I am studying following result.
Let $H$ and $K$ be Hilbert spaces and an operator $A \in B(H, K)$, which has closed range. The spaces $H$ and $K$ have the following orthogonal decompositions:
$H = R(A^*) \oplus N(A) $, $K = R(A) \oplus N(A^*)$, where $R(A)$ and $N(A)$ denotes the range and null space of $A$, respectively.
According to these decompositions the operator A has the matrix form:
$A =\left( \begin{array}{cc} A_1 & 0\\ 0 & 0 \\ \end{array} \right) :\left( \begin{array}{c} R(A^*) \\ N(A) \\ \end{array} \right)$ $\rightarrow$ $\left( \begin{array}{c} R(A) \\ N(A^*) \\ \end{array} \right)$
I need help to understand how this form of matrix $A$ came? I am finding it difficult to prove this.
Thank you very much for your help and suggestions.
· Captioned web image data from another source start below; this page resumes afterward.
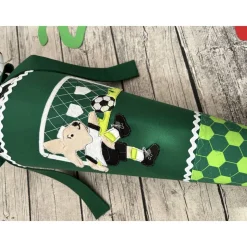 coole Schultüte / Zuckertüte in Grün mit Fußballspieler Hase & Tor
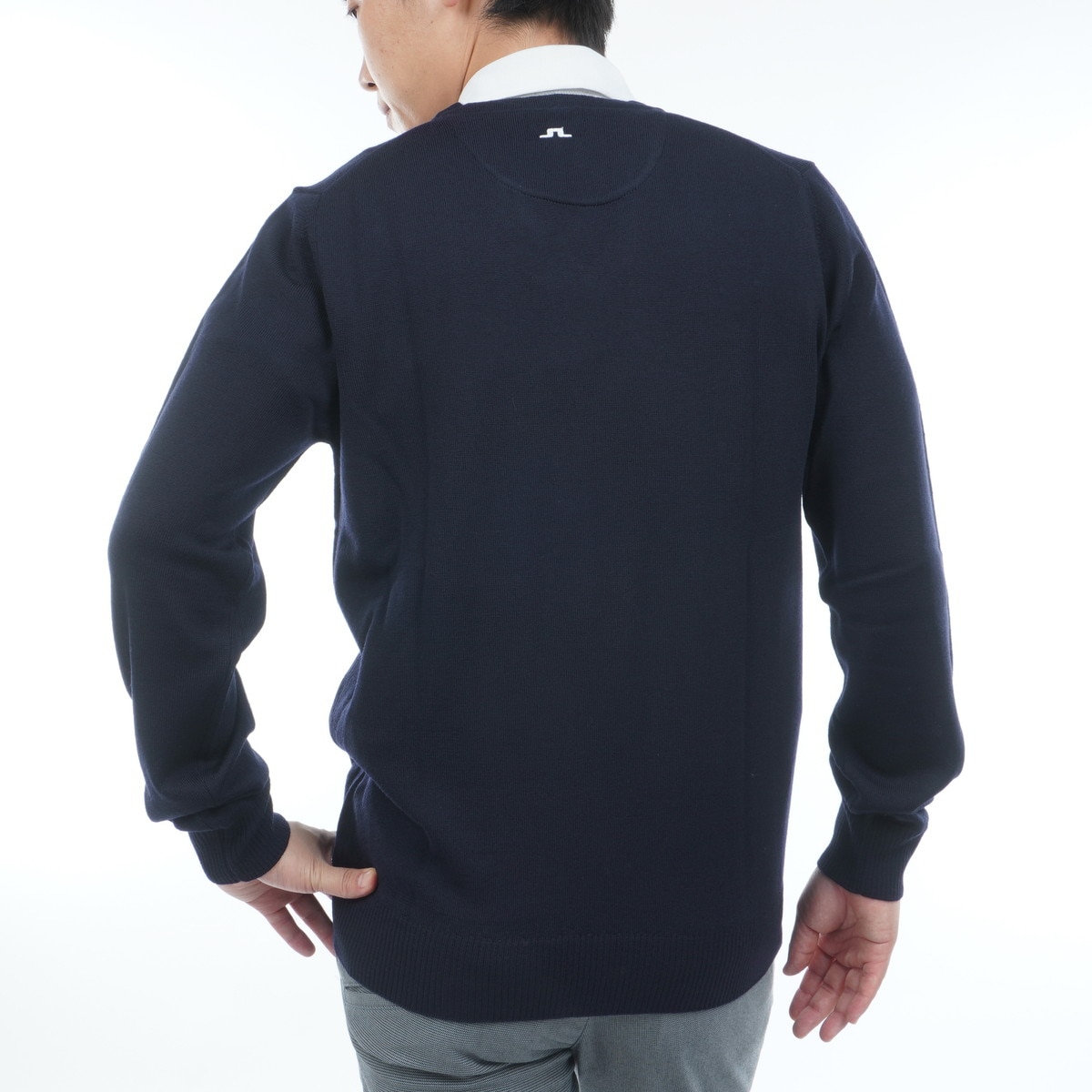 Vネックメリノウールセーター(中間着(セーター、トレーナー))|J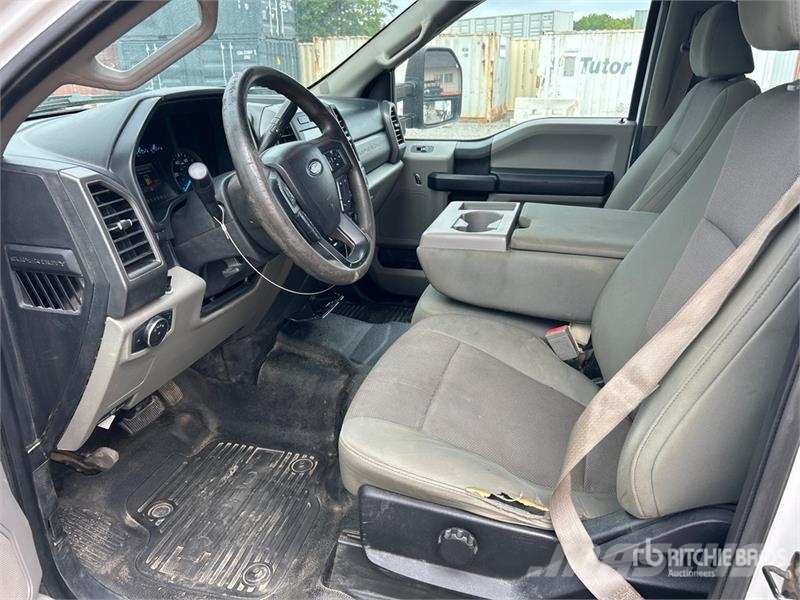 Ford F-350 XL 4x4 Crew Cab Pickup Ostalo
By definition the image of $A$ lives in the $R(A)$ component of $K = R(A) \oplus N(A^*)$, so the second column of blocks of the matrix of $A$ is zero. The matrix of $A^*$ is the conjugated transpose of that of $A$, and by a similar argument its second column of blocks is zero as well; these come from the second row of block of $A$. So only the top-left block of $A$ can be nonzero.